Wednesday, 19 March 2008

SOOPZ Product Trial for Bloggers

I found this on PSFK and Springwise so it's pretty hot. It picks up on a desire of food and drink brands to tap into the burgeoning world of food and drink blogging.

"SOOPZ is a network of food bloggers. Ever so often, we’ll get approached by someone who wants to raise awareness for their food products online (like me and my dulce). The SOOPZ network is perfect for this, because I haven’t met a food blogger yet that doesn’t love free food.

Over time, the network will grow and the amount of food we give away will increase. For now, we’re a happy family of about 200 food bloggers (we call them Sooper Heroes) ready to taste some of what you’ve got. Want to become a Sooper Hero?"

Here's the chat from Springwise:

"There's no such thing as a free lunch—unless, of course, you happen to be a food blogger. Food manufacturers tend to be liberal with their samples when it comes to gaining exposure through influential voices, and one New Orleans-based blogger has turned that into a defining feature of his site.
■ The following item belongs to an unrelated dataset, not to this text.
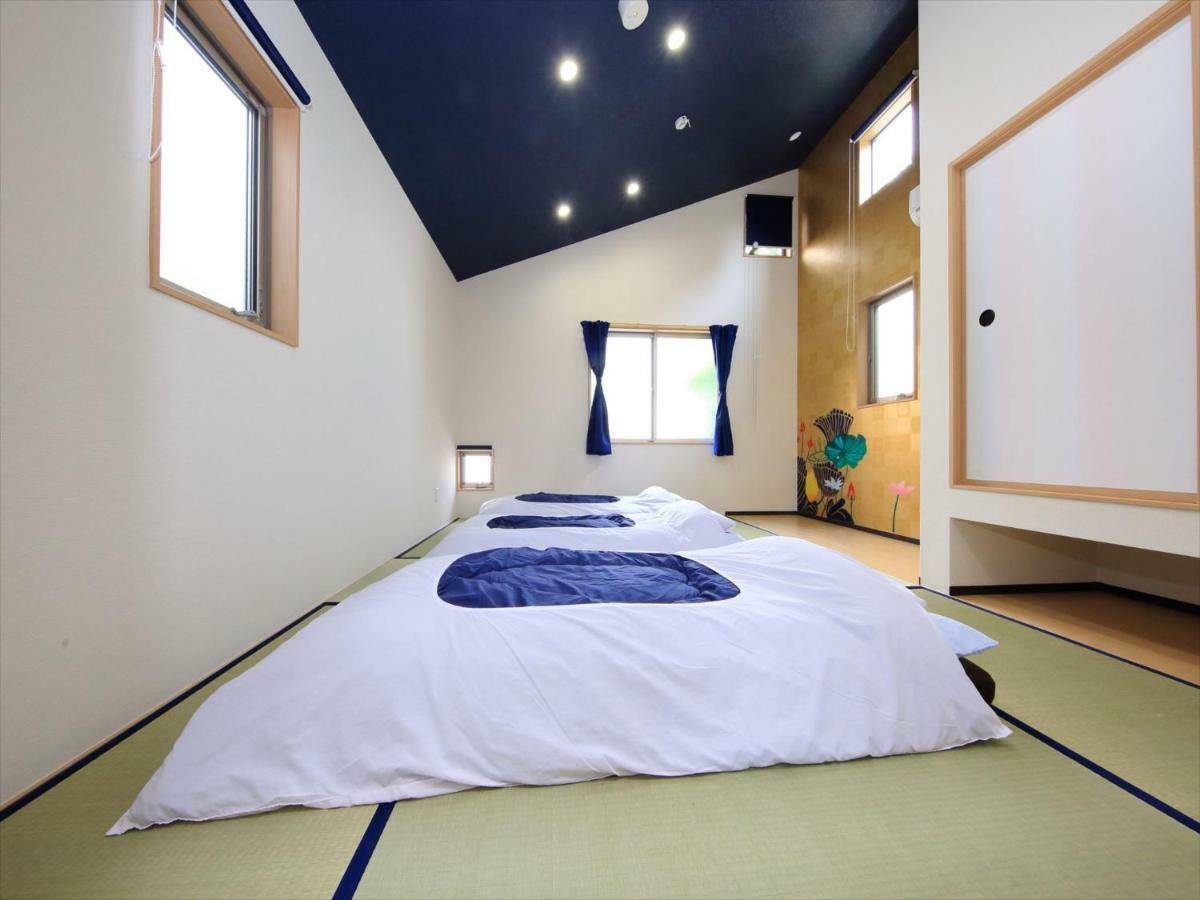 Coto Tokyo Nakano Dış mekan fotoğraf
On, Blake Killian has developed SOOPZ, a network of 200 or so readers who are also food bloggers—"Sooper Heroes," as he calls them. Manufacturers send multiple samples of a particular item to Blake, who announces that they will be given away through his site. Registered Sooper Heroes can then sign up to receive some in exchange for at least the possibility that they'll write about them on their own blogs. Most recently, for instance, TCHO—the chocolatier we featured not long ago on our own pages—donated a bunch of its chocolate bars for giveaway to the SOOPZ network. Before that it was Sucre chocolate. Since the site's founding last May, Blake has even started developing a line of his own products, starting with Peanut Butter Dulce de Leche—of which he's given away more than a hundred jars through the site. Future plans include videos and a cookbook as well, Blake says.
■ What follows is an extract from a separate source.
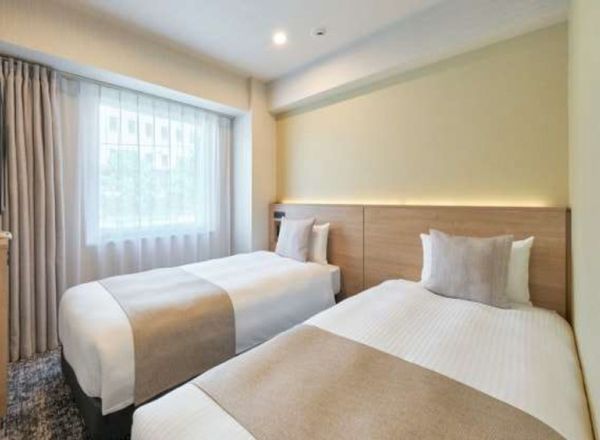 HOTEL MYSTAYS Fukuoka Tenjin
Whereas food brands have increasingly begun seeking out blog exposure, traditionally that's happened just one blog at a time, and on the brands' own initiative. By acting as an intermediary, is turning that model on its head and giving companies quick access to many bloggers in one shot. Bloggers get free food, companies get free publicity, and everyone gets happy. If you're in food, better start lining up now...!"

I wonder whether this would be a good move for any of our brands?